MOHAMED VI REVOLUCIONA A MARRUECOS

Marruecos parece dar pasos de gigante hacia la democracia. Los tiempos del rey Hassan II, que durante 37 años gobernó al país con pulso firme y haciendo uso de poderes de todo tipo, son cosa del pasado. Su hijo y sucesor desde hace dos meses en el trono, Mohamed VI, ha dado un timonazo de 180 grados y navega a todo vapor hacia la modernidad.

24 de octubre 1999 , 12:00 a. m.

El joven rey ha decidido no concentrar en sí mismo las ventajas de que gozaba Hassan II, que presidía el Consejo de Ministros, legislaba mediante decretos reales, nombraba a la Corte Suprema y era su presidente, e influía, como Comendador de los Creyentes, en la fe de millones de musulmanes. Por contraste, Mohamed ha clamado por la tridivisión del poder público.

Fue el pasado 8 de octubre durante el discurso de instalación del parlamento bicameral.

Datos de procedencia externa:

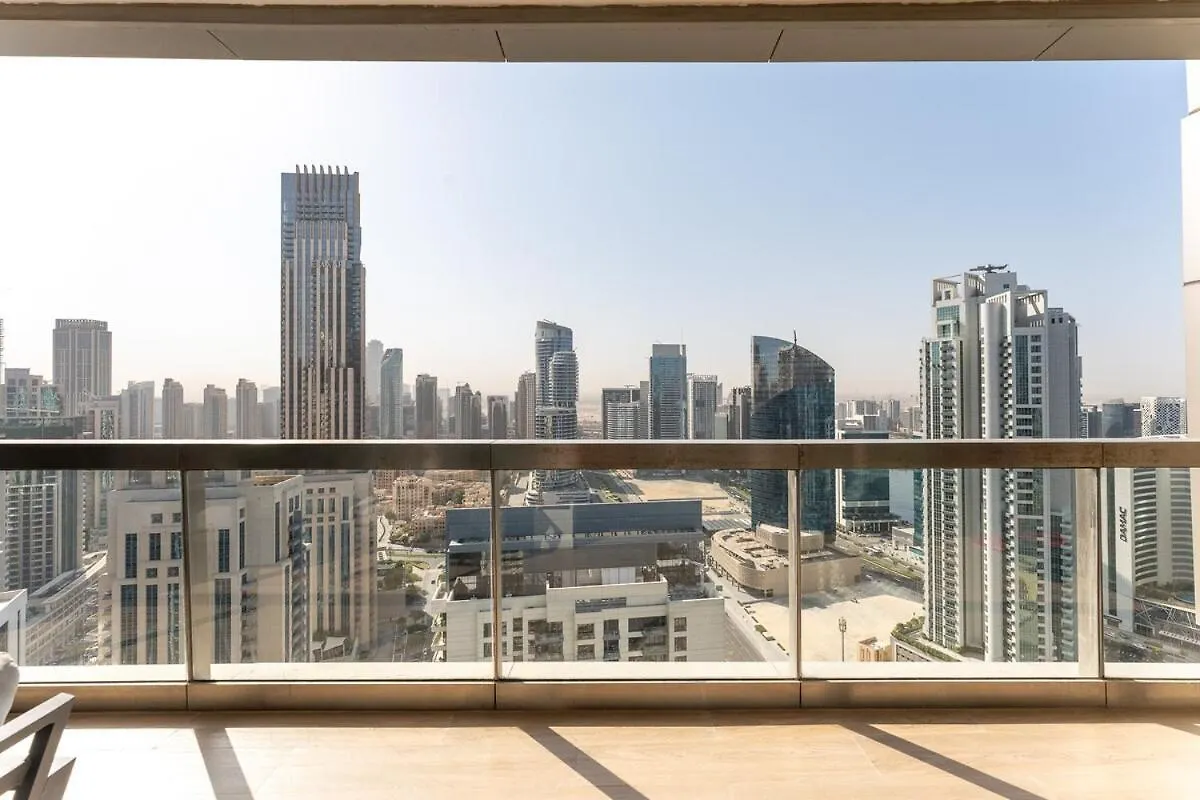 Havn - Upgraded 1 Bed In 8 Boulevard Walk Downtown Dubai Apartment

Nuestra convicción es que el fundamento de la democracia se basa en la separación de poderes y la instauración de un equilibrio entre ellos , dijo. Le concedo una gran importancia a la misión que les asiste como representantes de los ciudadanos .

Y ha ido más allá. A principios de mes, le dio luz verde al regreso a Marruecos del líder opositor Abraham Serfaty, exiliado en Francia y considerado como el preso político africano que más tiempo ha vivido tras las rejas después de Nelson Mandela. Luego, permitió el retorno al país de la familia de otro crítico de Hassan, Mehdi Ben Barka, desaparecido en París por los servicios secretos marroquíes hace 34 años.

Europa mira atentamente a Mohamed VI. Marruecos, aliado de Washington, ocupa la esquina noroccidental de Africa, a sólo 11 kilómetros de España. Tiene 28 millones de habitantes (el 50 por ciento, analfabetos), 458,730 kilómetros cuadrados y el 75 por ciento de las minas de fosfatos del mundo. Desde 1976 ocupa el Sahara Occidental, ex colonia española y sobre la que existe un contencioso con el movimiento independentista Frente Polisario.

Un rey distinto La reciente gira del rey Mohamed VI por el Rif, la zona norte de Marruecos que Hassán II, al dejar de visitarla por años, sumió en el olvido, reafirmó que soplan nuevos vientos en la monarquía marroquí. Durante su kilométrico recorrido, Mohamed recibió el saludo de miles de personas, a algunas de las cuales llegó a darles la mano. Algo absolutamente insólito para este país.

Mohamed también ha cambiado la costumbre de su padre de habitar un lujoso palacio en Rabat, la capital del país. El nuevo monarca sólo lo utiliza en horas de oficina y para ofrecer banquetes o ceremonias elegantes. También se dice en Marruecos que Mohamed gusta de manejar su automóvil y que no tiene inconveniente en detenerse ante los semáforos en rojo.

Frente a la prensa, el rey marroquí ha sido mucho más laxo que su padre. El viernes, no tuvo inconveniente en permitir la primera huelga en la historia del periodismo nacional.